> _Activity_
Of the records that follow, copy only the lines from the line containing "BEYLIKDÜZÜ DEMIR COUNTRY'DE" to the line containing "Red For Ed Washington", both included, exactly as written.
### Extracted material
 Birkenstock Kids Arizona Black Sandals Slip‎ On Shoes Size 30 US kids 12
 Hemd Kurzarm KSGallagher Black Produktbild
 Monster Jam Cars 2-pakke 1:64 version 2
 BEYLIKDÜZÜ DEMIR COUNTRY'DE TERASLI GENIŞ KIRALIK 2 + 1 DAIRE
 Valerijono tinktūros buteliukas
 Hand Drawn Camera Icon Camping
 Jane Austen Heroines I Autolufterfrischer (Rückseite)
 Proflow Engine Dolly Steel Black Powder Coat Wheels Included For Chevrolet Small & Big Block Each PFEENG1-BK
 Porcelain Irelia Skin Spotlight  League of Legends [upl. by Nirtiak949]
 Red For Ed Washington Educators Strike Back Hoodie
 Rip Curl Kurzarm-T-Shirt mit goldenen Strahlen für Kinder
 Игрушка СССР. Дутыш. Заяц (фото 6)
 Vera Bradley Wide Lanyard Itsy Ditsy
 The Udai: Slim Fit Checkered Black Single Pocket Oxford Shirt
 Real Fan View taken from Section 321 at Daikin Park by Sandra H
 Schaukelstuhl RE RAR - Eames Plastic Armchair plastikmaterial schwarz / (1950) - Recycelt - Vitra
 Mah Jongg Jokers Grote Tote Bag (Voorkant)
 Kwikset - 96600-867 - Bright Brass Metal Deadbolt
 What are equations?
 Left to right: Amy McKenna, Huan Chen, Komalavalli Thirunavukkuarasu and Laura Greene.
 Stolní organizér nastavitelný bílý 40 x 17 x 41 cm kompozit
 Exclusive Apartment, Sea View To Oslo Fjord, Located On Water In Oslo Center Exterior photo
######
> _Solution to the problem_
 BEYLIKDÜZÜ DEMIR COUNTRY'DE TERASLI GENIŞ KIRALIK 2 + 1 DAIRE
 Valerijono tinktūros buteliukas
 Hand Drawn Camera Icon Camping
 Jane Austen Heroines I Autolufterfrischer (Rückseite)
 Proflow Engine Dolly Steel Black Powder Coat Wheels Included For Chevrolet Small & Big Block Each PFEENG1-BK
 Porcelain Irelia Skin Spotlight  League of Legends [upl. by Nirtiak949]
 Red For Ed Washington Educators Strike Back Hoodie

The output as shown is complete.